- To do
Nothing but the lines from the one with "Camisa Tie Dye" through the end of the data should be set down, each exactly as written, and no picture should be included.

- Data for this task
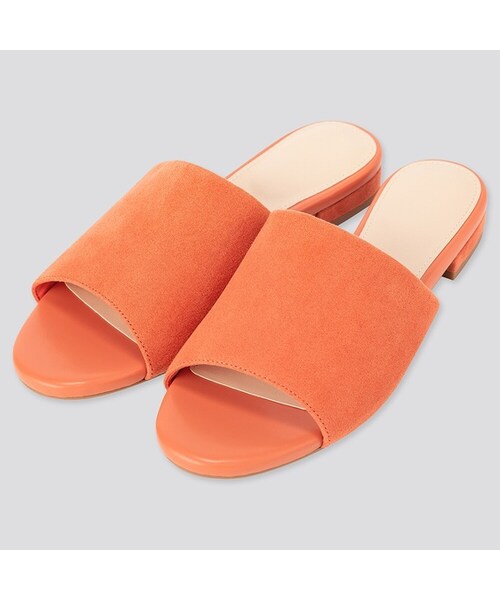 UNIQLO（ユニクロ）の「オープントゥフラットミュール（その他シューズ・レディース・OLIVE 56/ORANGE 24/BLACK 09/PINK 10・S/L/M/XL）」の4枚目の写真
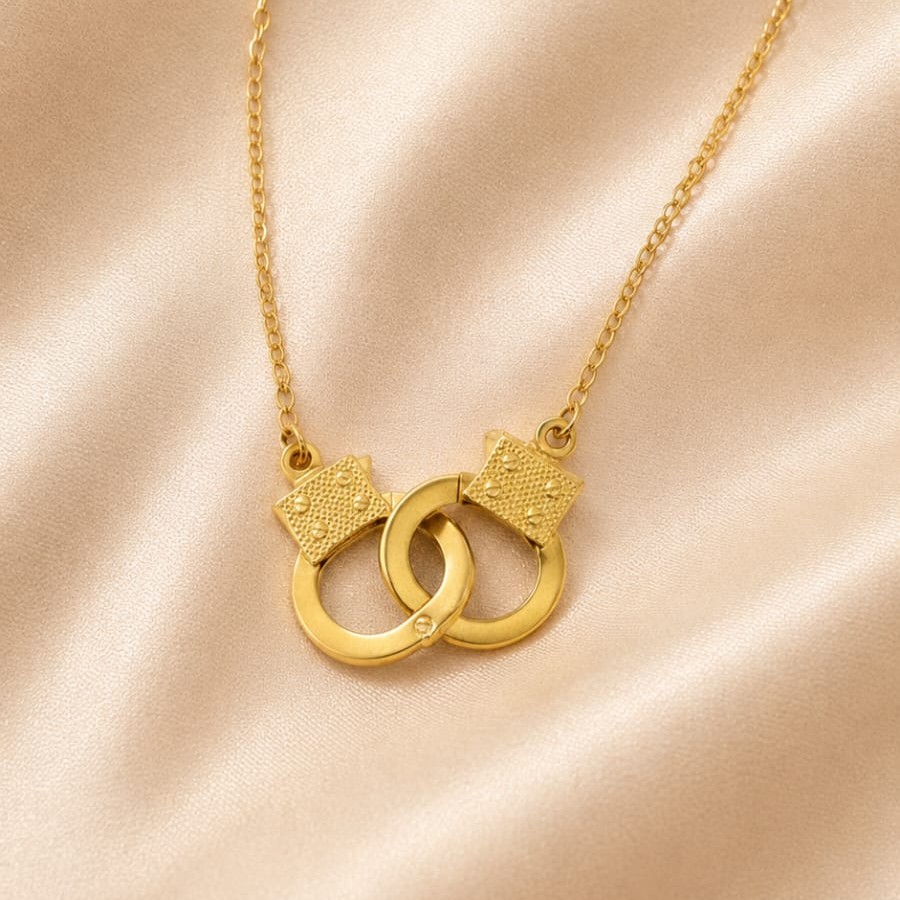 Colar Algema, Virginia, Banhado a Ouro
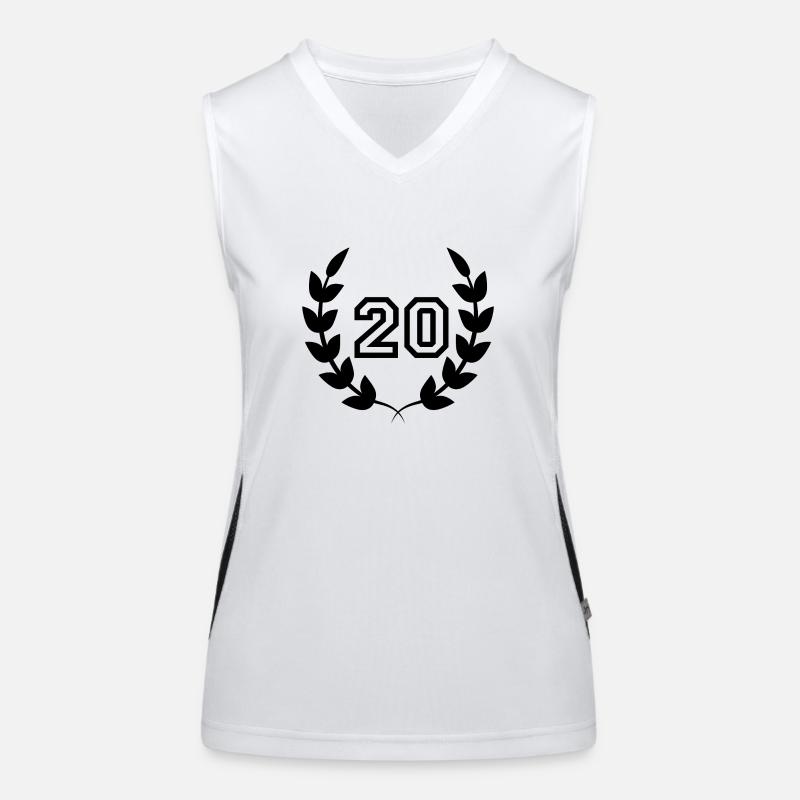 20th anniversary-gift idea 20 years Women's Functional Contrast Tank Top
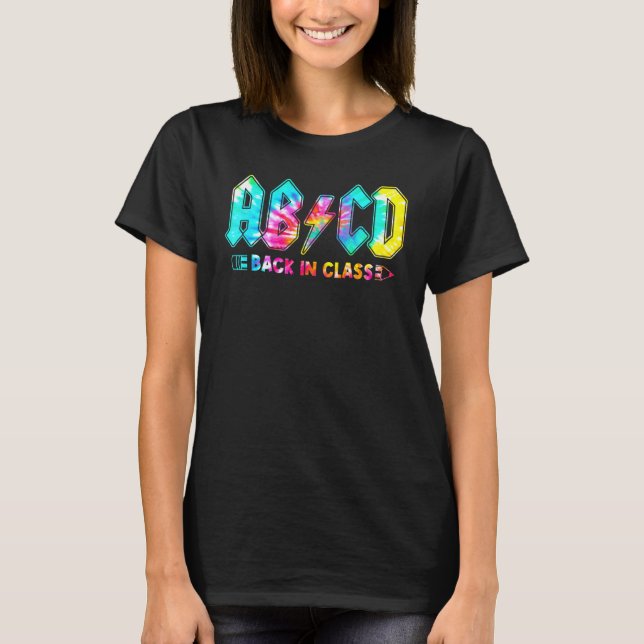 Camisa Tie Dye Abcd Relâmpago De Volta à Professor (Frente)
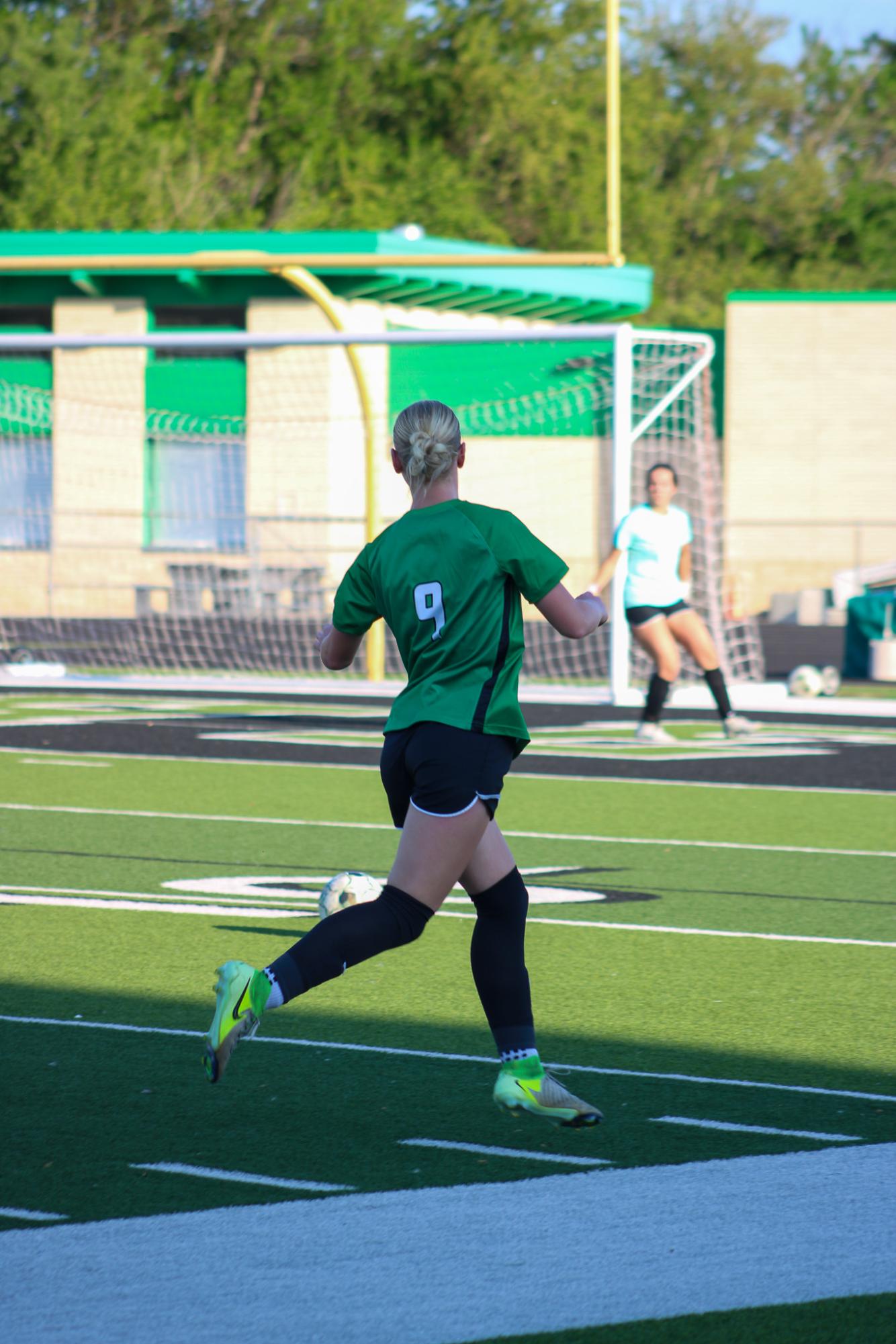 Girls varsity soccer vs. Wichita North (Photo by Delainey Stephenson)
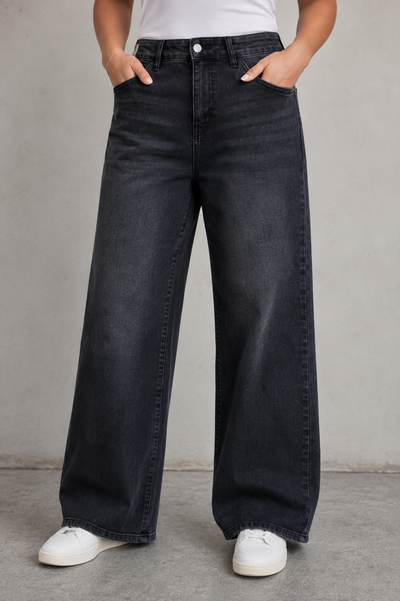 GOODIES 'WIDE LEG' | ANTRACIET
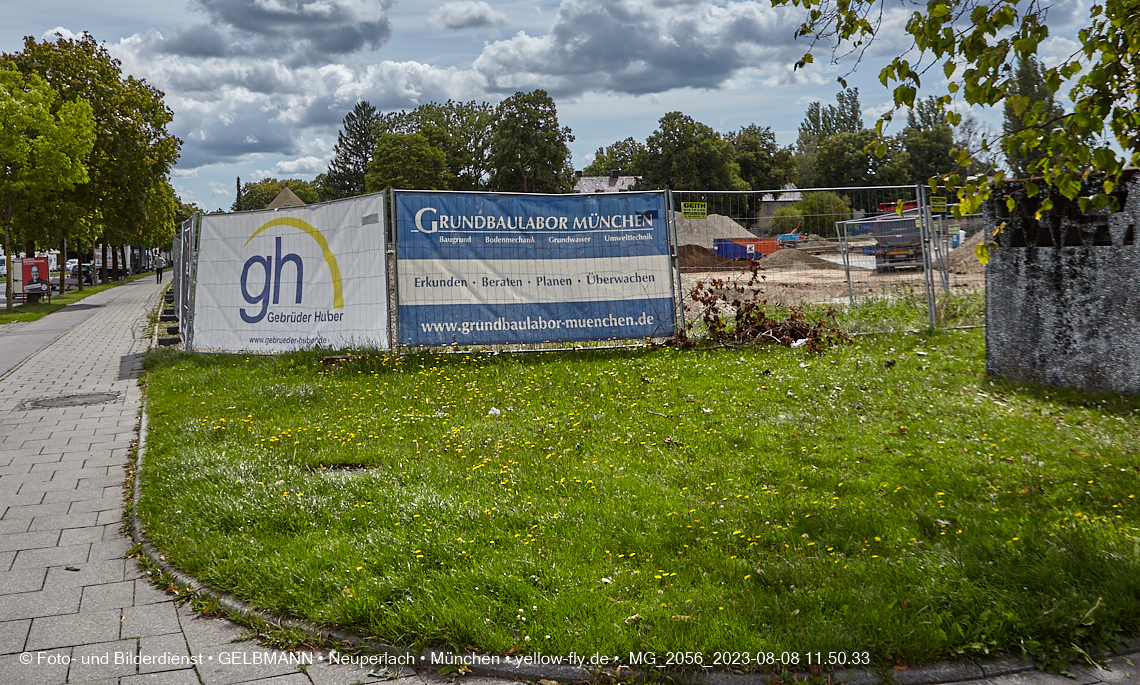 08.08.2023 - Baustelle Maikäfersiedlung in Berg am Laim und Neuperlach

- Result of the task
 Camisa Tie Dye Abcd Relâmpago De Volta à Professor (Frente)
 Girls varsity soccer vs. Wichita North (Photo by Delainey Stephenson)
 GOODIES 'WIDE LEG' | ANTRACIET
 08.08.2023 - Baustelle Maikäfersiedlung in Berg am Laim und Neuperlach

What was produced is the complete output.